THRIVE-2 enrolled 188 patients globally and exceeded the enrollment target of 159 patients due to patient demand. Approximately 40% of the enrolled patients were from US sites. Topline data from THRIVE-2 is on track for readout by year-end 2024. Previously, Viridian announced that THRIVE, its phase 3 clinical trial for VRDN-001 in patients with active TED, completed and exceeded enrollment in March 2024 with approximately 50% of patients enrolled from US sites. Topline data for THRIVE is on track for readout in September 2024.
“We are very pleased with our overall clinical trial enrollment for the VRDN-001 trials,” said Steve Mahoney, Viridian’s President and Chief Executive Officer. “THRIVE and THRIVE-2 have now each exceeded their enrollment targets and enrolled substantial patient numbers in the US due to patient demand. We look forward to our topline data readout for THRIVE in September and for THRIVE-2 at the end of this year. We are also on track to initiate two subcutaneous VRDN-003 phase 3 clinical trials, REVEAL-1 and REVEAL-2, in August as planned.”
About VRDN-001
Viridian’s lead product candidate, VRDN-001, is an intravenously (IV) delivered monoclonal antibody that acts as a full antagonist of the insulin-like growth factor-1 receptor (IGF-1R). IGF-1R is a clinically and commercially validated target for thyroid eye disease (TED) that had US revenues of approximately $1.8 billion in 2023. VRDN-001 has the potential to improve patient experience with a differentiated dosing regimen that features a shorter infusion time and fewer infusions compared to the currently approved and marketed IGF-1R inhibitor.
Viridian is evaluating VRDN-001 in two global phase 3 clinical trials, THRIVE and THRIVE-2, for the treatment of active and chronic TED, respectively. THRIVE and THRIVE-2 are each designed to compare a five-dose treatment arm of VRDN-001 to placebo, each dosed three weeks apart. In phase 2 clinical trials in active and chronic TED, VRDN-001 was shown to improve the signs and symptoms of TED at six weeks after two infusions in all dose cohorts and was generally well-tolerated.
Viridian believes that the differentiated VRDN-001 has the potential to establish a strong foothold in the multi-billion-dollar TED commercial market, if approved, and will help facilitate the introduction of VRDN-003, its potential best-in-class subcutaneous IGF-1R antibody for TED.
About Viridian Therapeutics
Viridian is a biopharmaceutical company focused on engineering and developing potential best-in-class medicines for patients with serious and rare diseases.
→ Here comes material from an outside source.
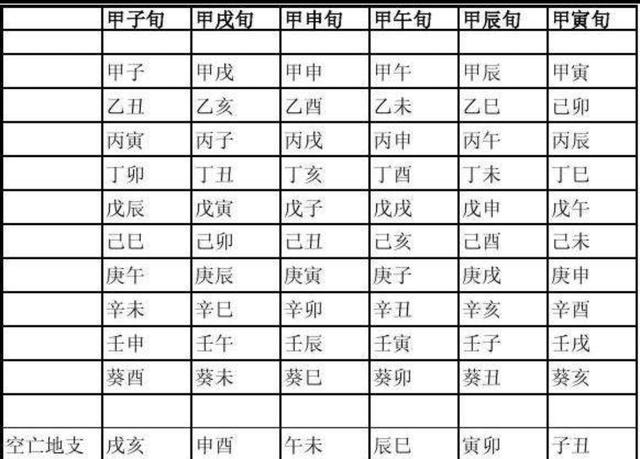 八字中金囚啥意思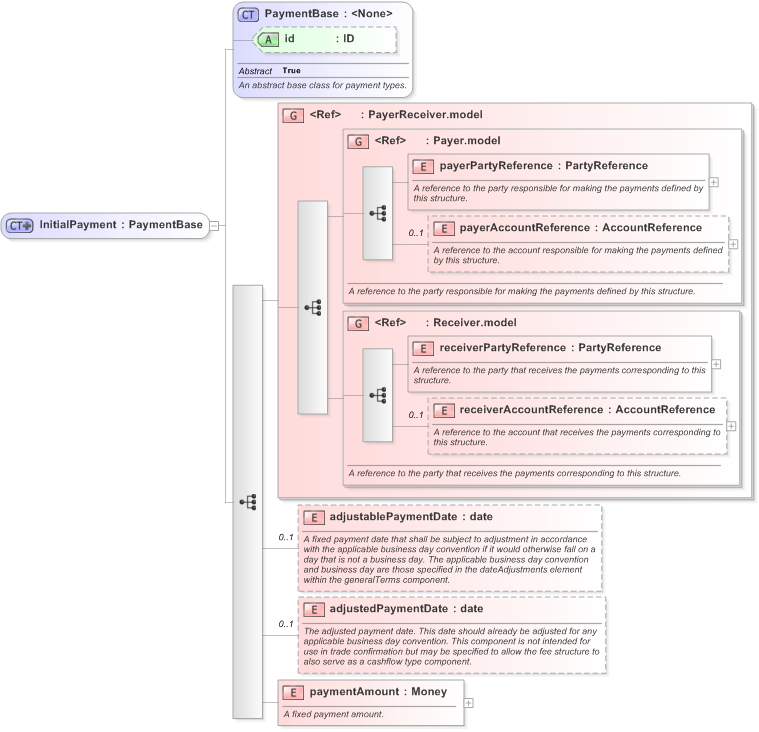 XSD Diagram of InitialPayment in schema fpml-cd-5-9_xsd (Financial products Markup Language (FpML®) - Confirmation)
Viridian’s expertise in antibody discovery and protein engineering enables the development of differentiated therapeutic candidates for previously validated drug targets in commercially established disease areas.
Viridian is advancing multiple candidates in the clinic for the treatment of patients with thyroid eye disease (TED). The company is conducting a pivotal program for VRDN-001, including two global phase 3 clinical trials (THRIVE and THRIVE-2), to evaluate its efficacy and safety in patients with active and chronic TED. Viridian is also advancing VRDN-003 as a potential best-in-class subcutaneous therapy for the treatment of TED, including two planned global phase 3 clinical trials, REVEAL-1 and REVEAL-2, to evaluate the efficacy and safety of VRDN-003 in patients with active and chronic TED.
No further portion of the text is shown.